Em janeiro deste ano, o prefeito do Rio de Janeiro, Eduardo Paes (PSD), afirmou que as imposições do STF na ADPF 635 criaram uma sensação de “resort do crime”. “Ela se tornou um inibidor da ação policial. Minha impressão é que desde que essa ADPF foi implantada você teve um aumento da ocupação territorial, do domínio territorial. Isso não é impressão, aliás, eu tenho certeza e convicção disso”, declarou Paes.
Ex-moradores do Rio de Janeiro migraram para estados menos violentos
De acordo com o Censo, os moradores que deixaram o Rio de Janeiro tiveram como principais destinos São Paulo (21,4%); Minas Gerais (17,7%); e Espírito Santo (7,3%). Fabrício Rebelo pondera que, apesar da dificuldade de identificar as causas específicas da migração entre os estados, não há dúvida de que a preocupação com segurança se destaca como uma das principais razões.

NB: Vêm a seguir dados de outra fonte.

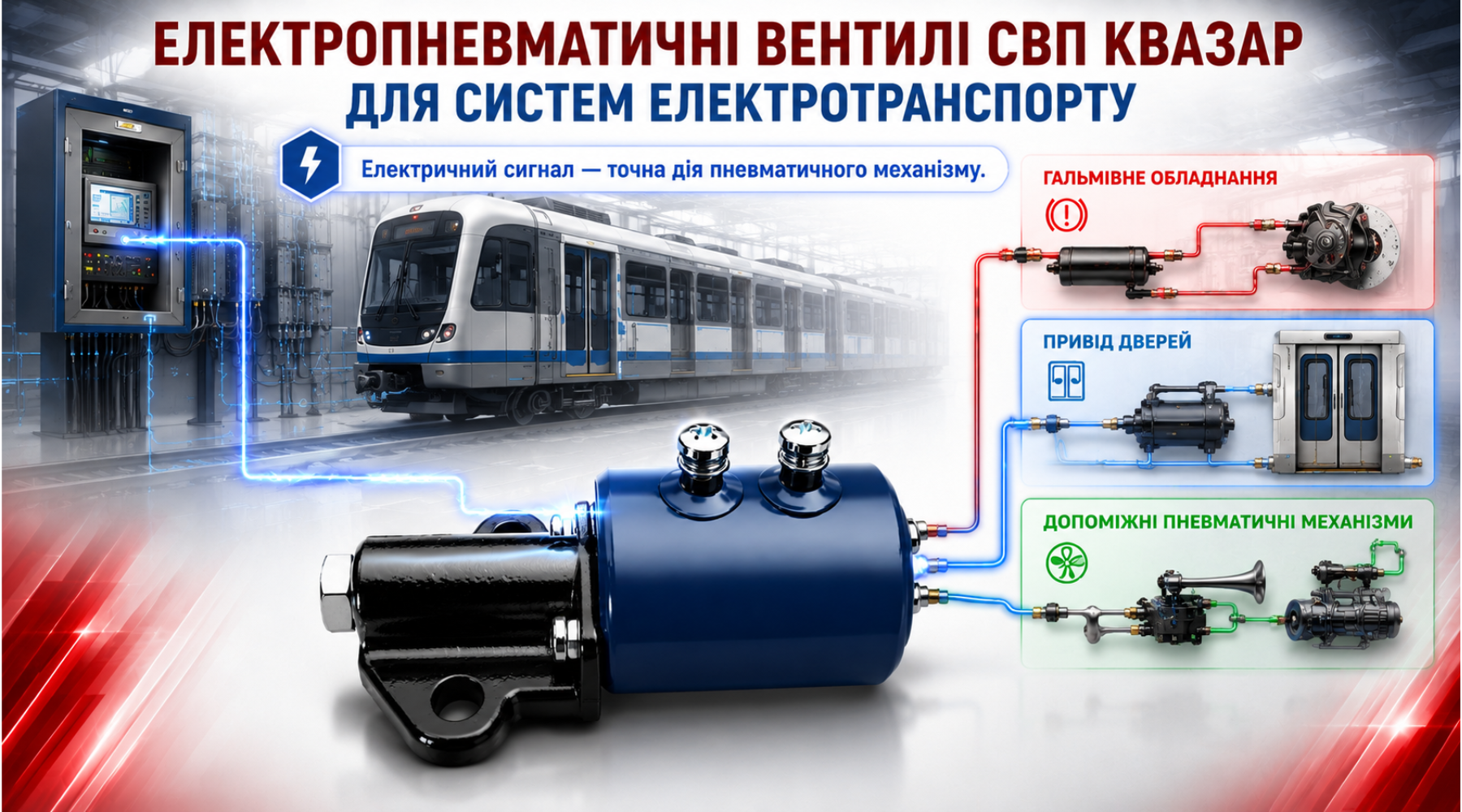 Електропневматичні вентилі СВП КВАЗАР для керування гальмівними, дверними та допоміжними пневматичними системами міського електротранспорту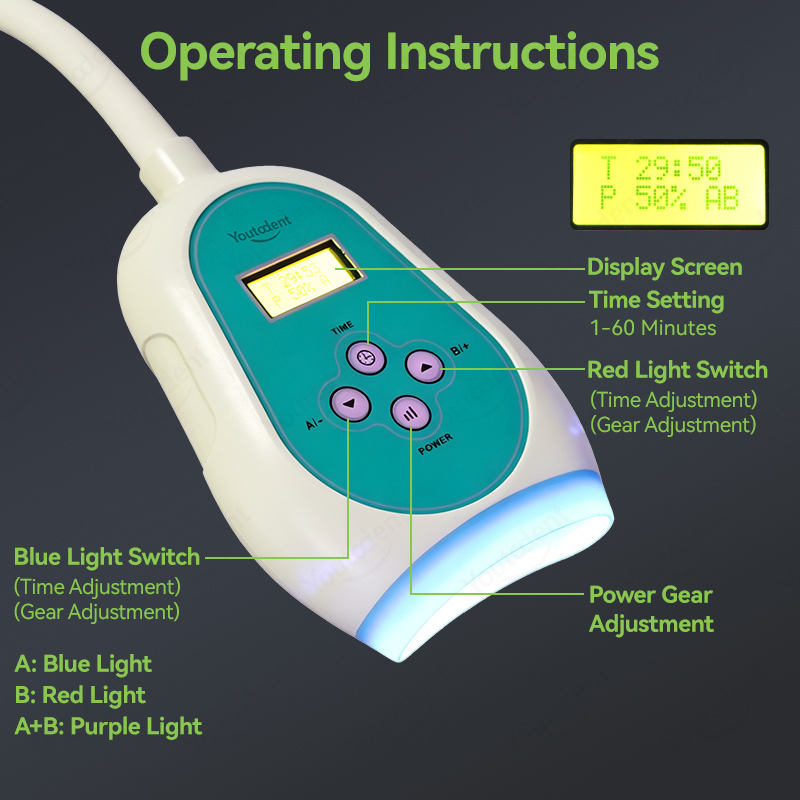 Mesin Pemutih Gigi 50W Layar S - Teeth Whitening China ulasan dan harga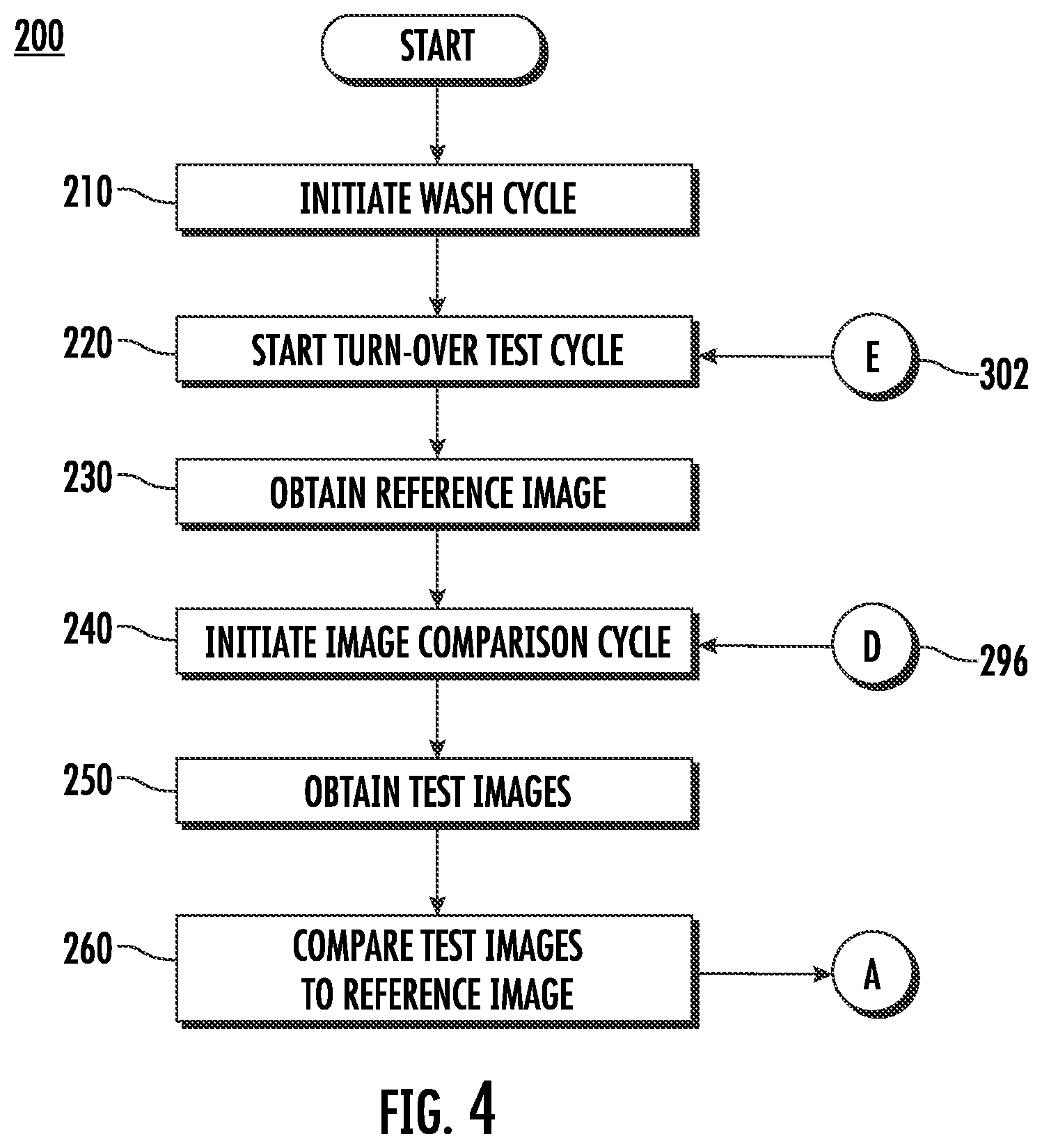 Patent US12129588 Figure 4 – Systems and methods for monitoring turn-over performance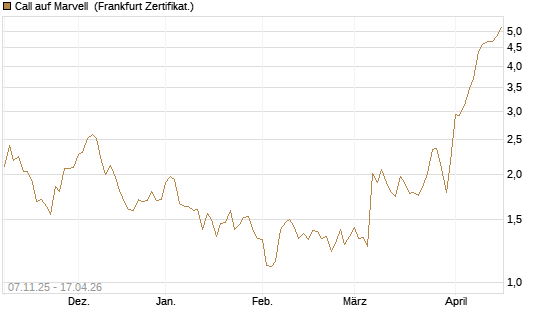 Call auf Marvell [UBS AG (London)] Chart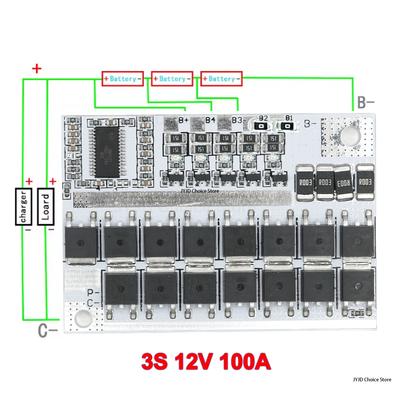 DIY moduly – Elektronické moduly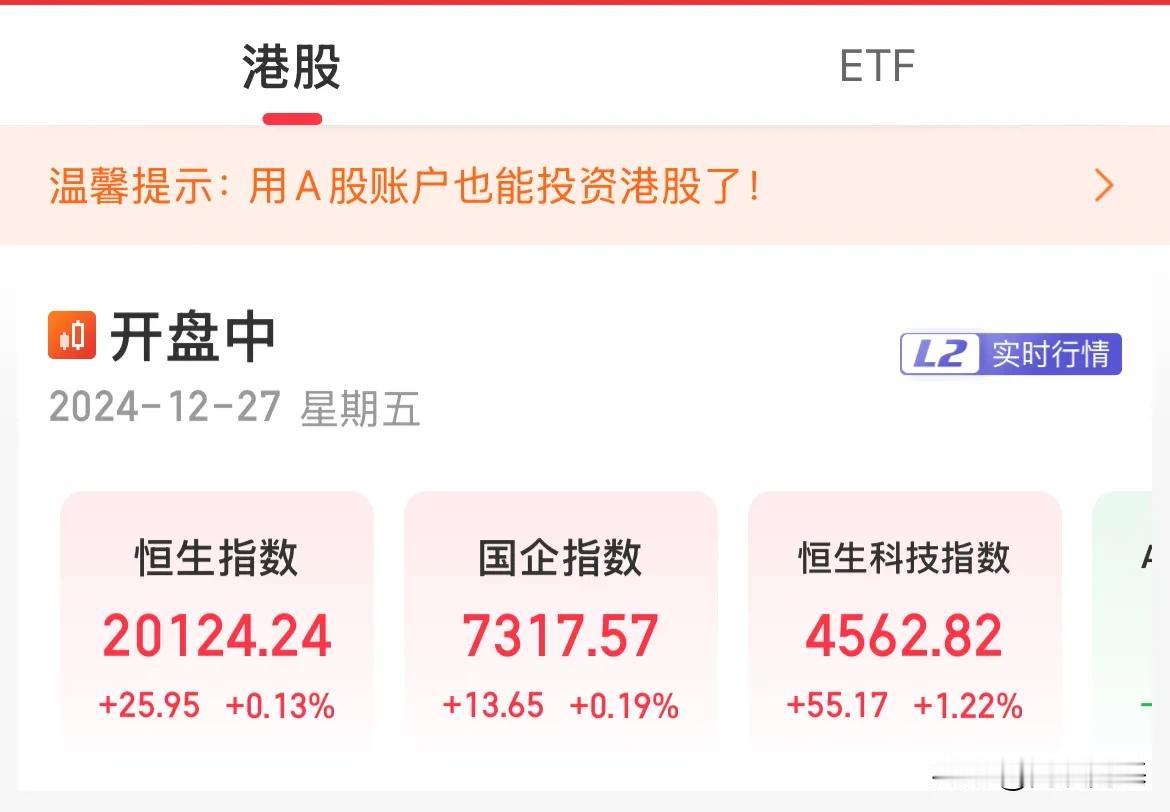 港股探底回升！恒生科技涨幅超1%，还是得看大哥脸色

假期归来，港股还是看A公子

“Um bom termômetro disso está na outra ponta desse movimento, onde mais têm aportado novos habitantes, que são exatamente os locais mais seguros. Portanto, dá para inferir com grande margem de acerto que a segurança hoje passou, sim, a pesar muito na definição do lugar de residência do brasileiro”, apontou o advogado.
Dados do Atlas da Violência 2025, divulgados em maio deste ano pelo Instituto de Pesquisa Econômica Aplicada (Ipea) em parceria com o Fórum Brasileiro de Segurança Pública (FBSP), mostram que os três estados apresentaram reduções sistemáticas de homicídios no período de 2013 a 2023.